[Posted November 1, 2010] It’s been much busier than usual around here in the past few weeks, so I’m behind in posting analysis of recent published opinions from the Court of Appeals of Virginia; that means you get a double-header today. Here are brief summaries of two decisions that came down in the past two weeks. Both are in criminal appeals; both sets of balls and strikes were called by the same umpire, Judge Humphreys; and one appellant doubles to the gap while the other one takes a called third strike and trudges back to the dugout. (In case you hadn’t noticed, there’s a World Series going on.)

Last week, the court decided an appeal involving a statute I had never heard of before – one that criminalizes the use of a vehicle to promote prostitution. As is customary in matters like this, the appellant in Bakran v. Commonwealth let his amorous desires (the prosecution would insist upon “prurient interests”) get the better of his judgment, and he propositioned a plain-clothes police officer. Encountering the officer standing on a sidewalk near a motel, and apparently badly misjudging her career choice, he asked her after a bit of preliminary banter how much she’d charge for a bout of oral sex. She asked, “How much you got?” He replied $40, and that turned out to be an acceptable price for the putative transaction. She said she had a room at the motel, conveniently located about ten steps away, so he cheerfully got out of his car, walked over . . .

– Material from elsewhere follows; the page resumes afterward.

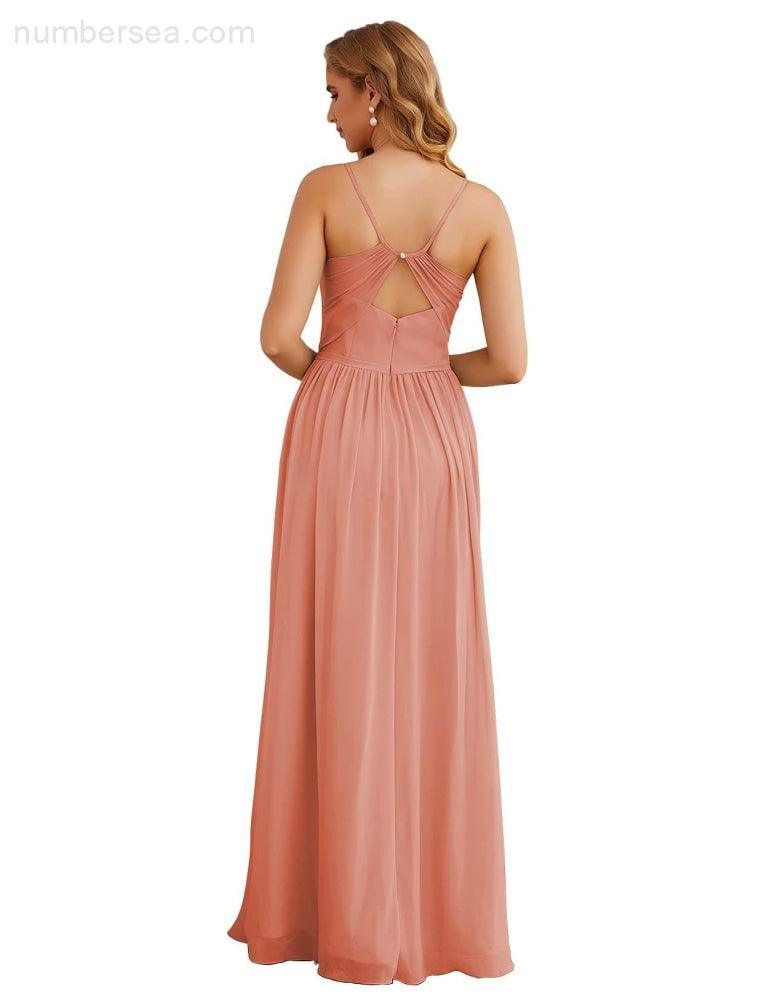 Spaghetti Strap Bridesmaid Dresses Long Formal Party Prom Gowns 28060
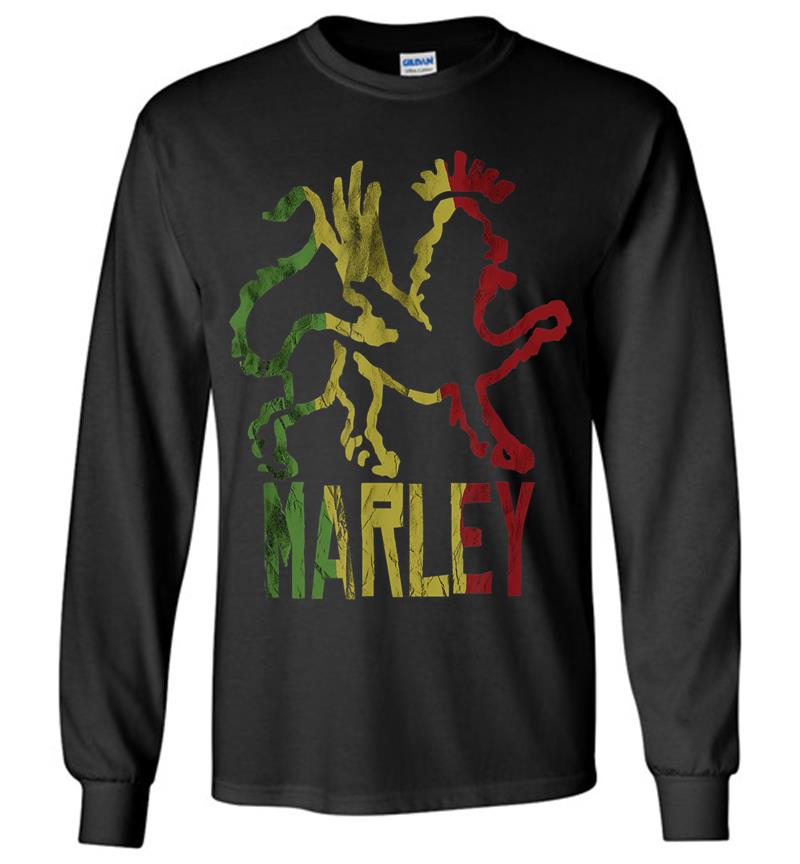 Ziggy Marley - Rasta Lion - Tuff Gong - Official Merch Long Sleeve T-shirt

. . . and got arrested as soon as he crossed the threshold. No oral sex; not even a kiss on the cheek. The issue in this appeal is whether the fact that he propositioned her while seated in his car is enough to implicate this statute. The Court of Appeals finds that the prosecution did indeed prove that the crime was accomplished by the use of a vehicle. The opinion notes that before Bakran had “exited the vehicle” (I figure that’s how the testimony came down in court), he asked for and received permission to touch his intended’s breasts, and asked her to touch his groin. Basically there was plenty going on inside or around the vehicle, from fondling to the proposition itself, and those, the court finds in affirming the conviction, were “substantial acts in furtherance” of prostitution.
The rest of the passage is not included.